Problem statement:
What is needed is an exact copy of every line from the one with "1 pieza Reloj" to the end of the entries below, without the pictures.

Extracted entries:
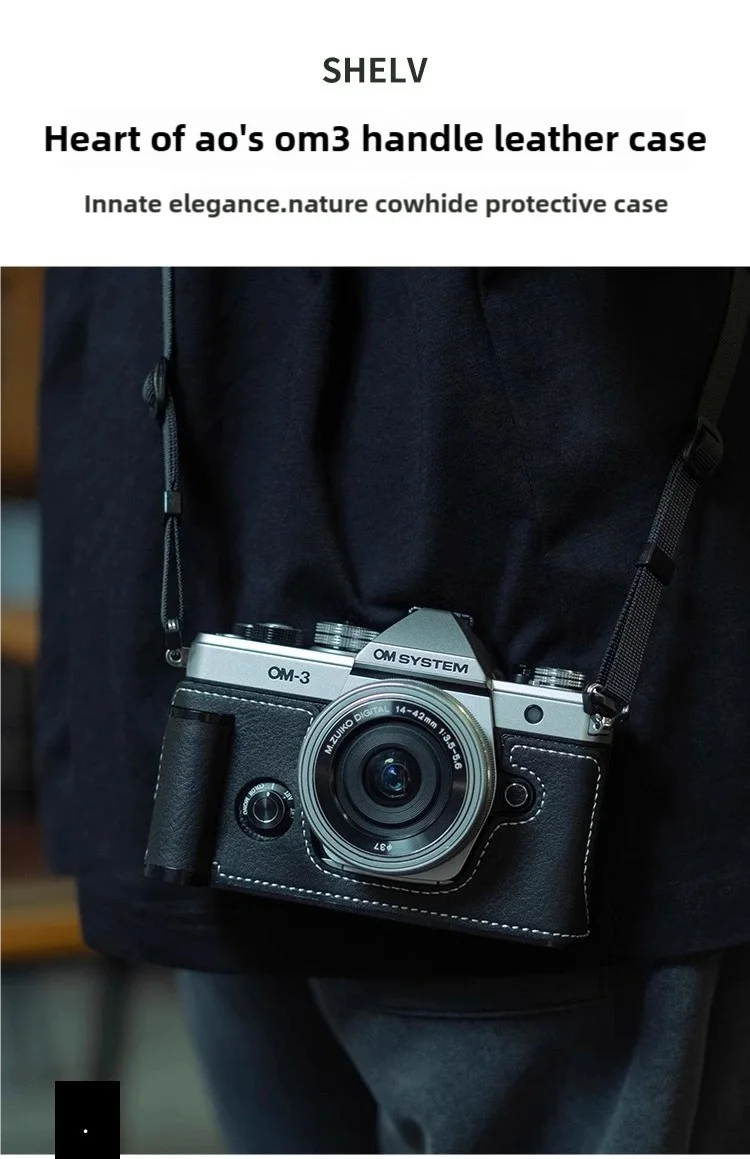 ジャンク品】オリンパスOM-3Tiシューカバー、本革ストラップ、説明書付き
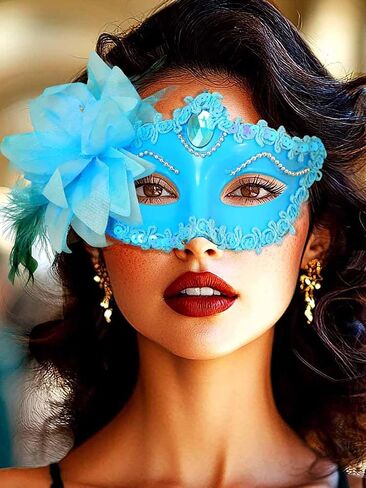 قناع Yokawe Black Masquerade للنساء زهرة في البند in Saudi Arabia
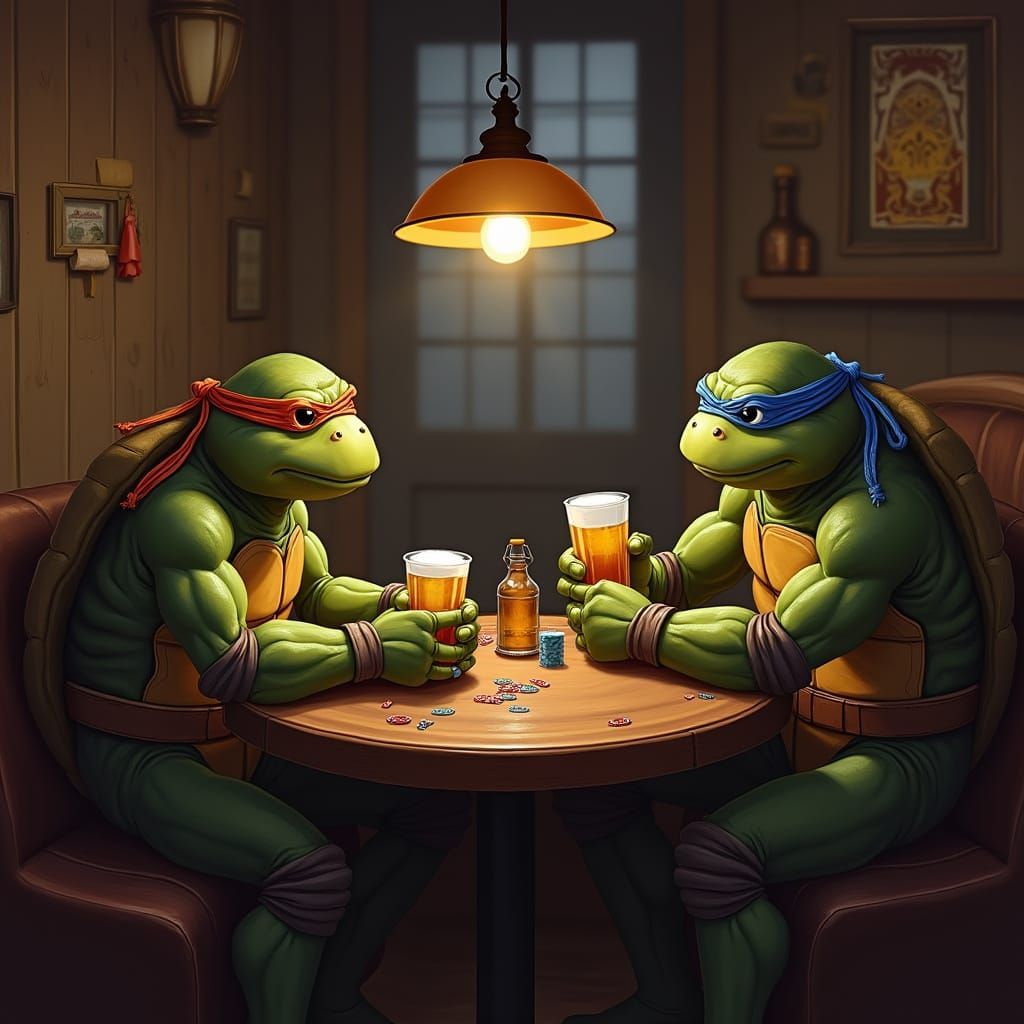Turtles Play Poker in Dimly Lit Pub
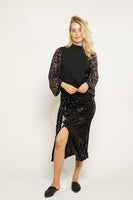 Drama Sequins Sleeve Sweater Top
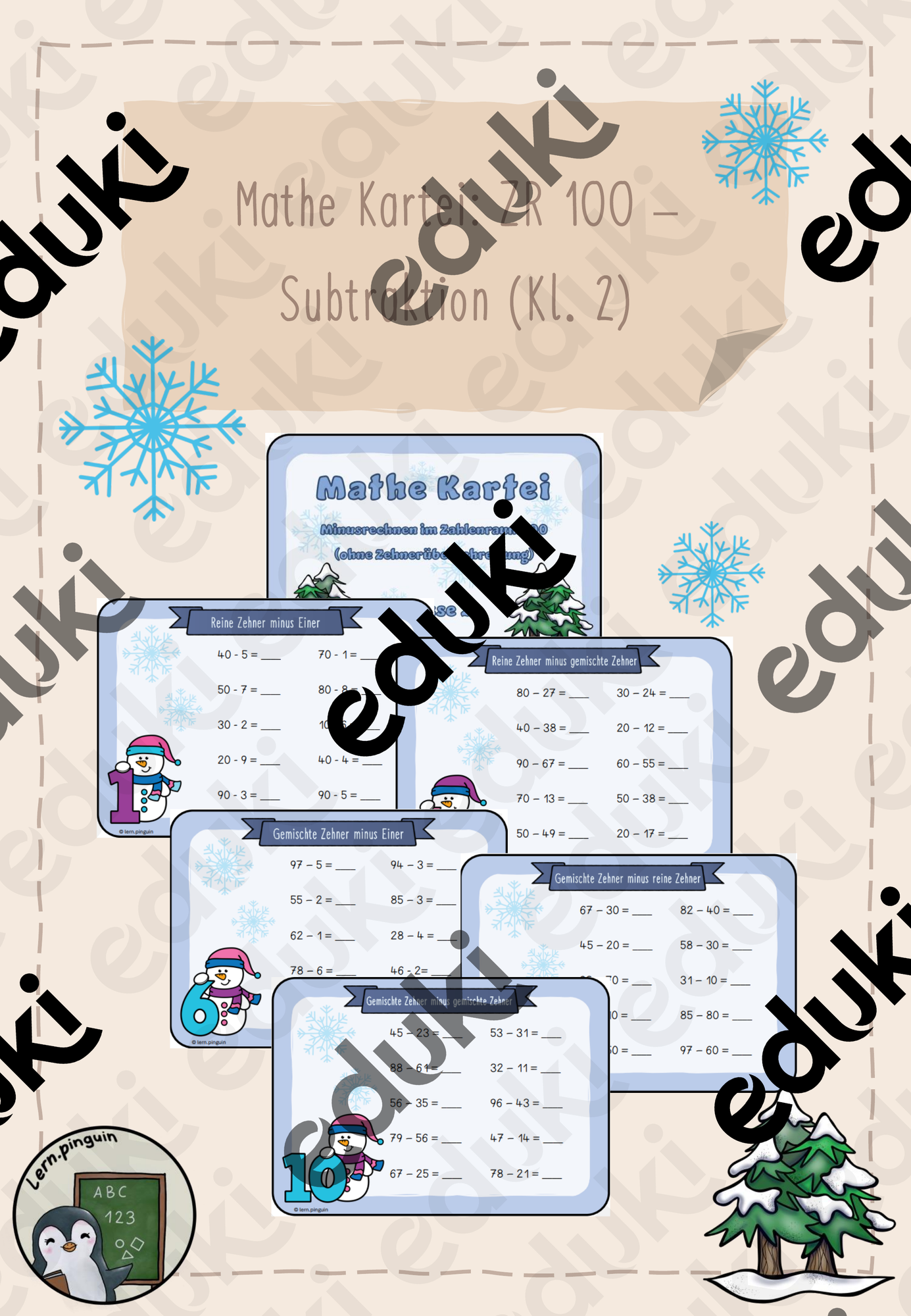 Winterliche Mathe Kartei ZR 100 Minusrechnen (Kl.2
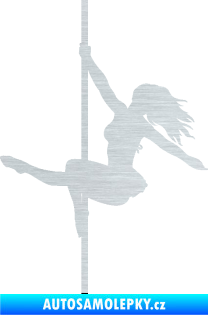 Samolepka Pole dance 001 levá tanec na tyči škrábaný hliník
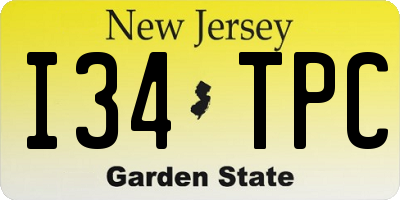 NJ license plate I34TPC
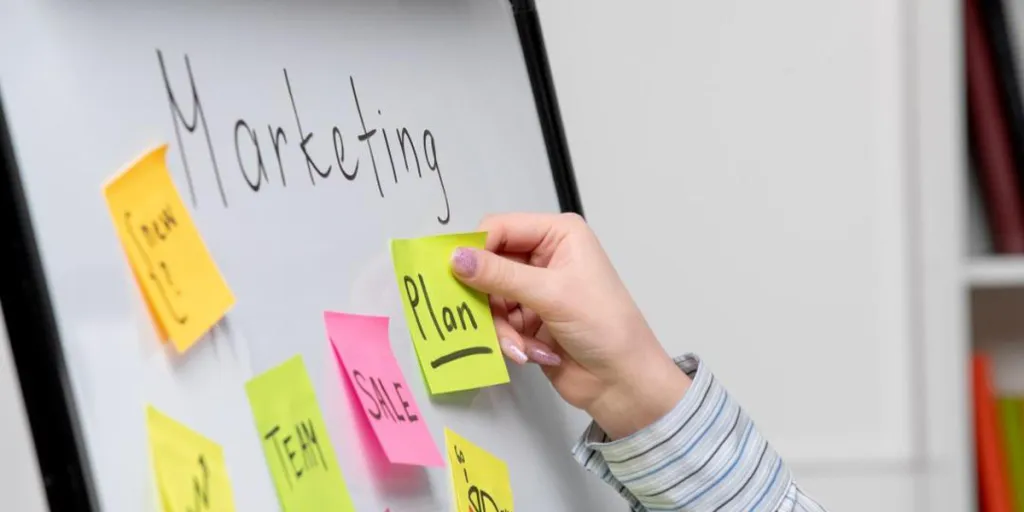 Man creating a marketing plan on a whiteboard
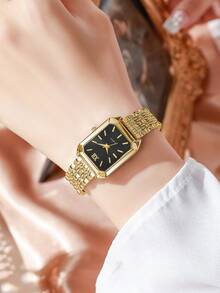 1 pieza Reloj de pulsera de cuarzo con esfera cuadrada casual y elegante para mujer, con correa de acero, estilo de moda (Caja del reloj no incluida) - Dorado - Ver 4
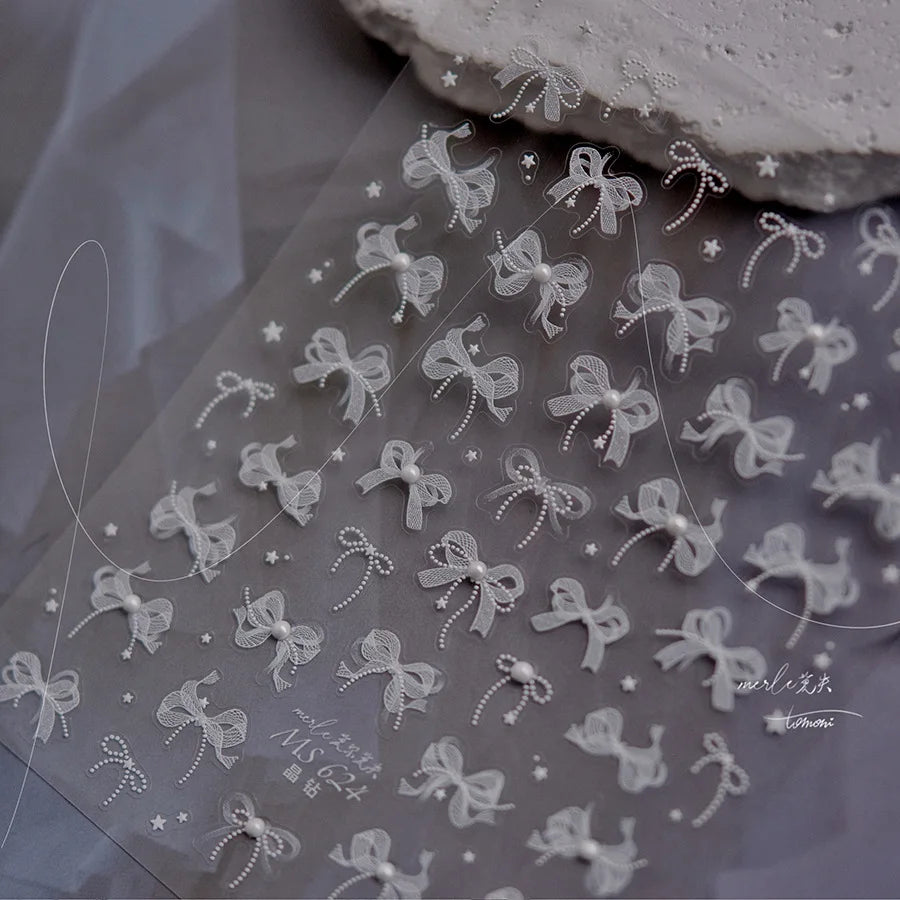 5D Lace Bow Nail Art Stickers – Pearl Rhinestone Decals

Answer to this task:
 1 pieza Reloj de pulsera de cuarzo con esfera cuadrada casual y elegante para mujer, con correa de acero, estilo de moda (Caja del reloj no incluida) - Dorado - Ver 4
 5D Lace Bow Nail Art Stickers – Pearl Rhinestone Decals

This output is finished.